Book Synopsis Fair Division and Collective Welfare by : Herve Moulin
Download or read book Fair Division and Collective Welfare written by Herve Moulin and published by MIT Press. This book was released on 2004-08-20 with total page 302 pages. Available in PDF, EPUB and Kindle. Book excerpt: The concept of fair division is as old as civil society itself. Aristotle's "equal treatment of equals" was the first step toward a formal definition of distributive fairness. The concept of collective welfare, more than two centuries old, is a pillar of modern economic analysis. Reflecting fifty years of research, this book examines the contribution of modern microeconomic thinking to distributive justice. Taking the modern axiomatic approach, it compares normative arguments of distributive justice and their relation to efficiency and collective welfare. The book begins with the epistemological status of the axiomatic approach and the four classic principles of distributive justice: compensation, reward, exogenous rights, and fitness. It then presents the simple ideas of equal gains, equal losses, and proportional gains and losses. The book discusses three cardinal interpretations of collective welfare: Bentham's "utilitarian" proposal to maximize the sum of individual utilities, the Nash product, and the egalitarian leximin ordering. It also discusses the two main ordinal definitions of collective welfare: the majority relation and the Borda scoring method. The Shapley value is the single most important contribution of game theory to distributive justice. A formula to divide jointly produced costs or benefits fairly, it is especially useful when the pattern of externalities renders useless the simple ideas of equality and proportionality. The book ends with two versatile methods for dividing commodities efficiently and fairly when only ordinal preferences matter: competitive equilibrium with equal incomes and egalitarian equivalence. The book contains a wealth of empirical examples and exercises.
Book Synopsis Handbook of Social Choice and Welfare by : Kenneth J. Arrow
Download or read book Handbook of Social Choice and Welfare written by Kenneth J. Arrow and published by Elsevier. This book was released on 2010-10-13 with total page 985 pages. Available in PDF, EPUB and Kindle.
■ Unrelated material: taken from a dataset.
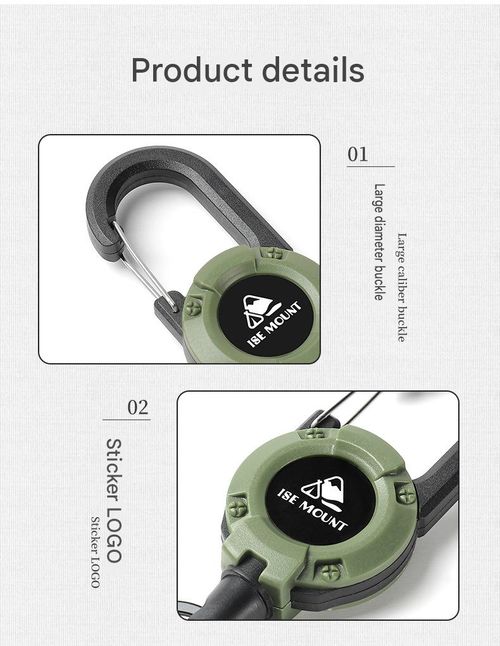 Outdoor Retractable Keychain with High-Elasticity Steel Wire Anti-Loss Cord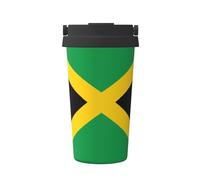 Taza de café portátil impresa con la bandera de Jamaica, especialmente diseñada para los amantes del café, adecuada para coche, oficina y uso al aire libre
Book excerpt: This second part of a two-volume set continues to describe economists' efforts to quantify the social decisions people necessarily make and the philosophies that those choices define. Contributors draw on lessons from philosophy, history, and other disciplines, but they ultimately use editor Kenneth Arrow's seminal work on social choice as a jumping-off point for discussing ways to incentivize, punish, and distribute goods. - Develops many subjects from Volume 1 (2002) while introducing new themes in welfare economics and social choice theory - Features four sections: Foundations, Developments of the Basic Arrovian Schemes, Fairness and Rights, and Voting and Manipulation - Appeals to readers who seek introductions to writings on human well-being and collective decision-making - Presents a spectrum of material, from initial insights and basic functions to important variations on basic schemes
Book Synopsis Liberal Utilitarianism by : Jonathan Riley
Download or read book Liberal Utilitarianism written by Jonathan Riley and published by CUP Archive. This book was released on 1988-04-07 with total page 424 pages. Available in PDF, EPUB and Kindle. Book excerpt: This is a book about liberal democratic values and their implications for the design of political institutions. Its distinctive feature is the use of some simple mathematical techniques (known as social choice theory) to clarify and defend a rather complex utilitarian conception of the liberal democratic 'way of life' based on John Stuart Mill's work. More specifically, the text focuses on three well-known 'social choice paradoxes' which are commonly held to destroy any possibility of an ideal harmony among liberal democratic values; and draws upon suggestions implicit in Mill's writings to develop an ethically appealing liberal democratic social choice framework in which the aforementioned paradoxes no longer cause concern. The revised framework is a rather complex version of utilitarianism and should be of special interest to welfare economists, social choice theorists, democratic political theorists and philosophers concerned with utilitarian ethics.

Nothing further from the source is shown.